> Exercise requirements:
In the data below, find the line containing "Puede incluir: Una" and the line containing "Bright bedroom features", then reproduce them and every line between, exactly. Omit pictures.

### Excerpted data ###

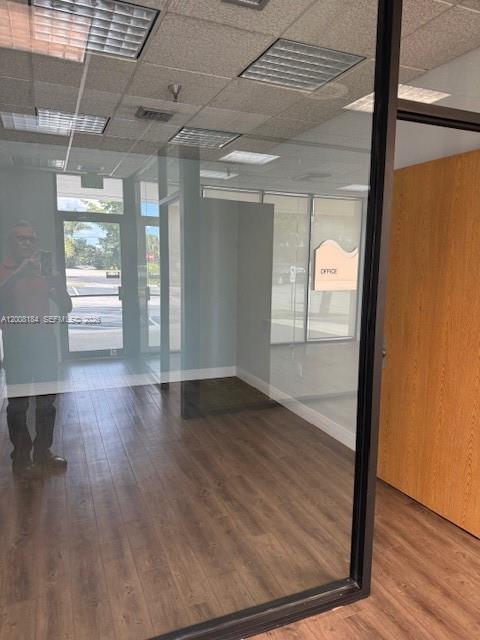 An empty office space features wood-look flooring, a drop ceiling, and floor-to-ceiling glass windows — 9080 Kimberly Blvd # 4, Boca Raton FL 33434, BOCA RATON, FL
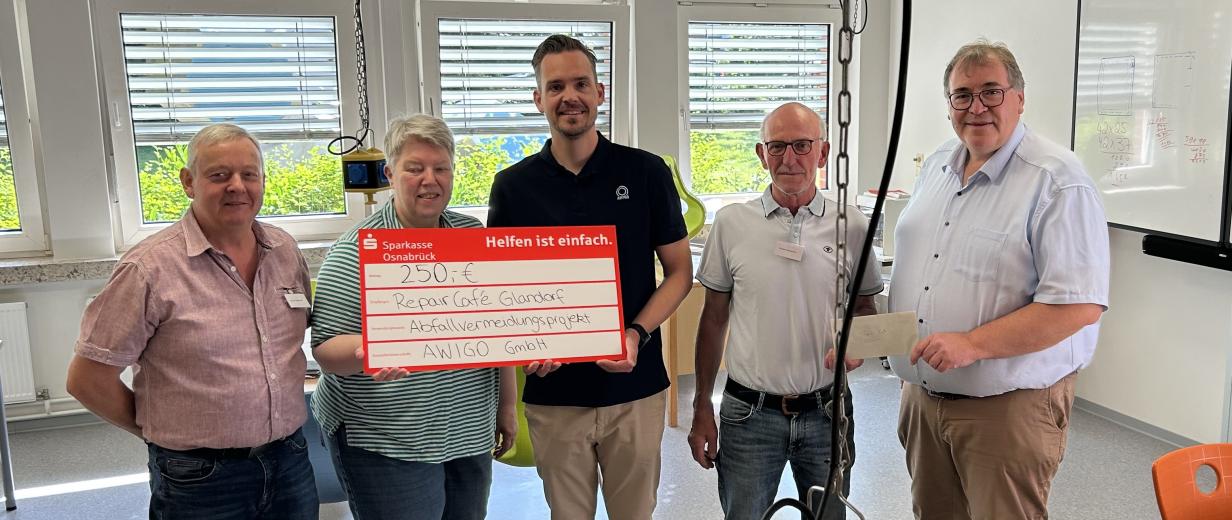 Fünf Personen präsentieren ein symbolischen Spendenscheck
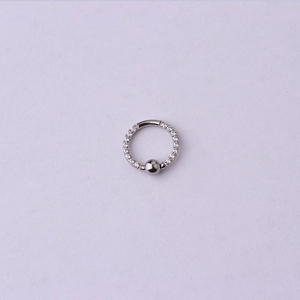 Gros plan d'un anneau de piercing en C en acier inoxydable argenté avec zircone et bille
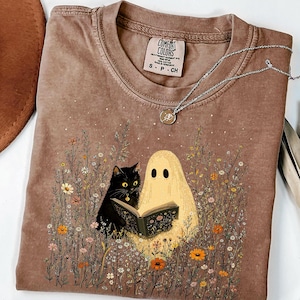 Puede incluir: Una camiseta marrón de manga corta con un gráfico de un gato negro y un fantasma beige leyendo un libro juntos en un campo de flores silvestres. La camiseta tiene cuello redondo y una etiqueta de la marca Comfort Colors en el interior.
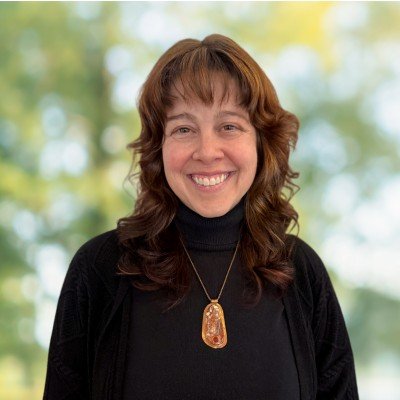 A woman with medium length brown hair and a bright smile, wearing a green top, poses against a dark grey background.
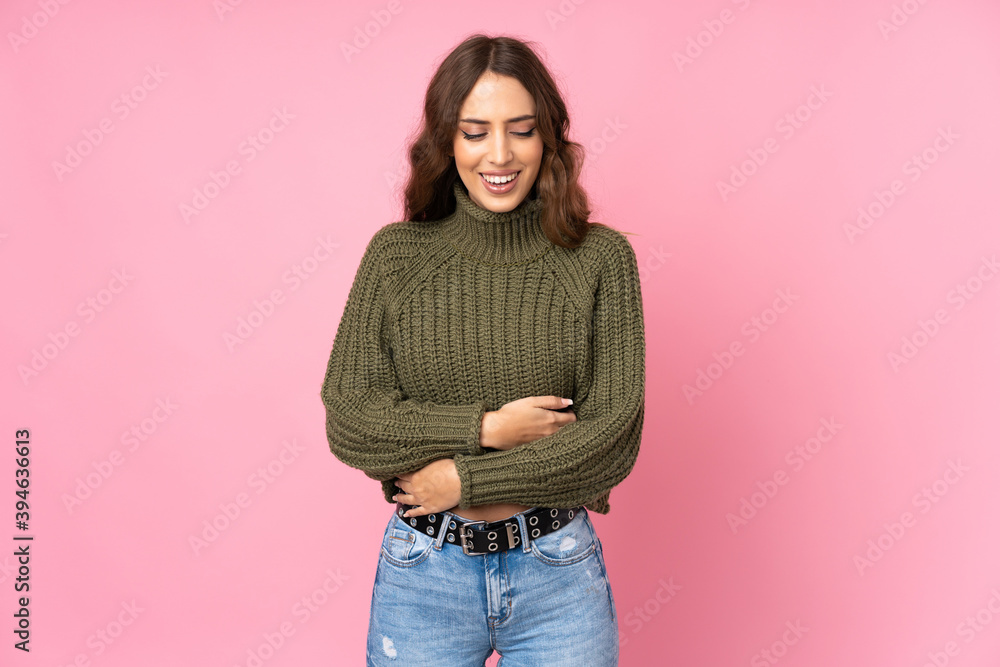 Young woman over isolated pink background smiling a lot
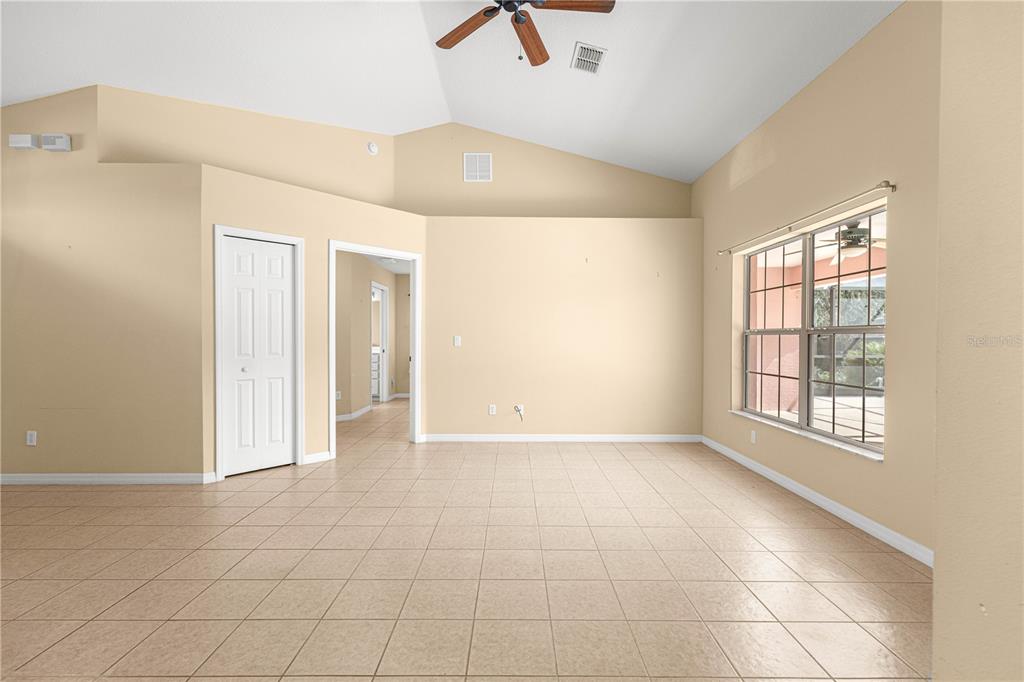 An empty room with beige walls, tile flooring, a vaulted ceiling, and a large window — 4731 SW GARDENIA COURT, DUNNELLON, FL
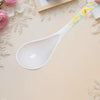 Ceramic Flower Handle Soup Spoon on a decorative surface with roses and elegant design elements.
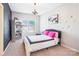 Bright bedroom features a modern chandelier, cozy carpet, and creative chalkboard wall at 15402 Country Lake Dr, Pineville, NC 28134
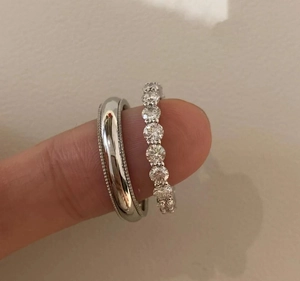 Close-up of S925 sterling silver eternity band and plain ring worn on a finger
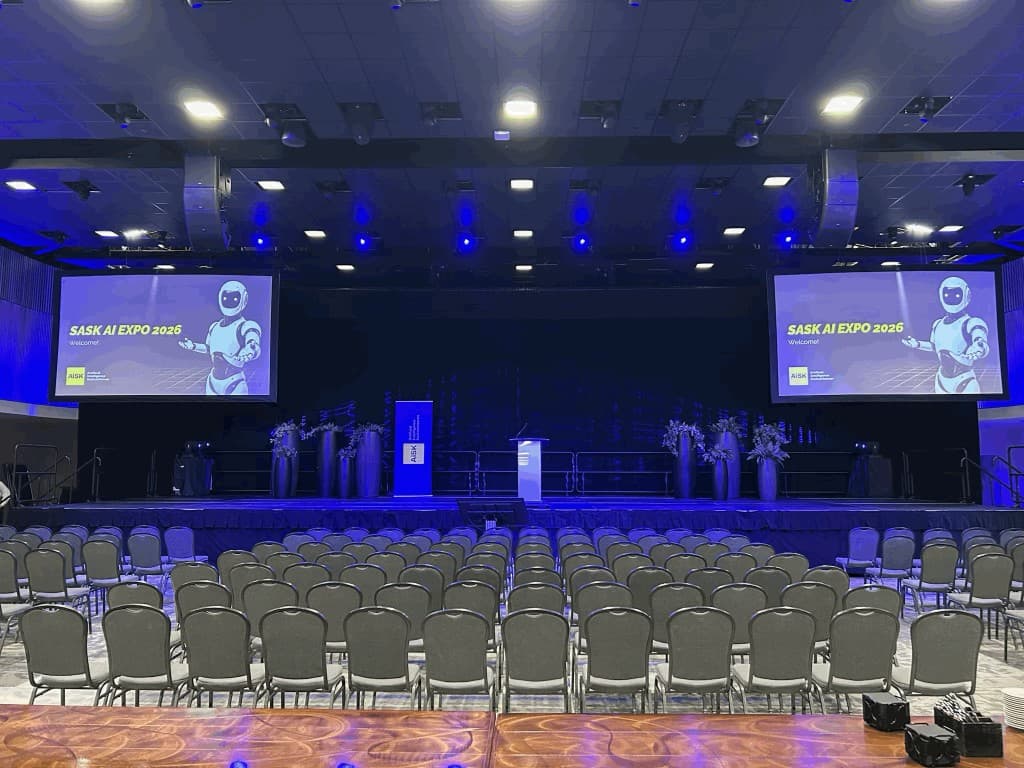 Empty SASK AI EXPO hall with stage screens and seating
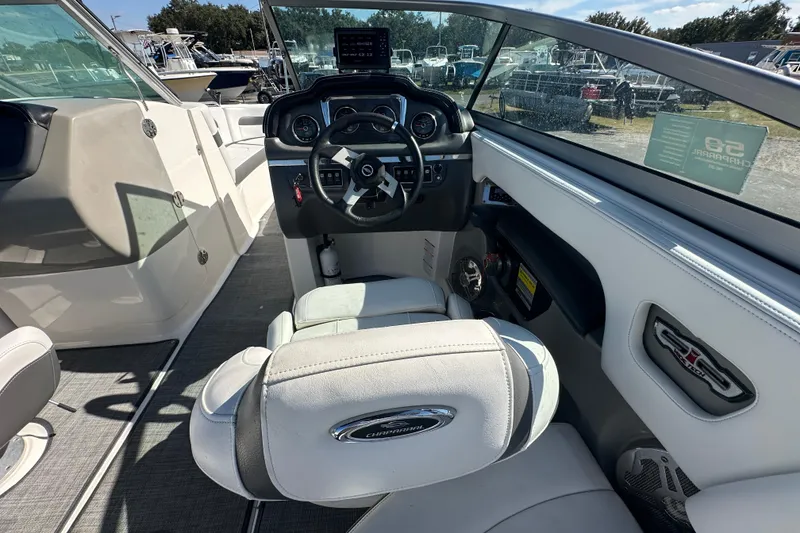Slide: The Image of Interior view of 2015 Chaparral 246 boat cockpit with steering wheel and seating. - 13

###

> Your solution:
 Puede incluir: Una camiseta marrón de manga corta con un gráfico de un gato negro y un fantasma beige leyendo un libro juntos en un campo de flores silvestres. La camiseta tiene cuello redondo y una etiqueta de la marca Comfort Colors en el interior.
 A woman with medium length brown hair and a bright smile, wearing a green top, poses against a dark grey background.
 Young woman over isolated pink background smiling a lot
 An empty room with beige walls, tile flooring, a vaulted ceiling, and a large window — 4731 SW GARDENIA COURT, DUNNELLON, FL
 Ceramic Flower Handle Soup Spoon on a decorative surface with roses and elegant design elements.
 Bright bedroom features a modern chandelier, cozy carpet, and creative chalkboard wall at 15402 Country Lake Dr, Pineville, NC 28134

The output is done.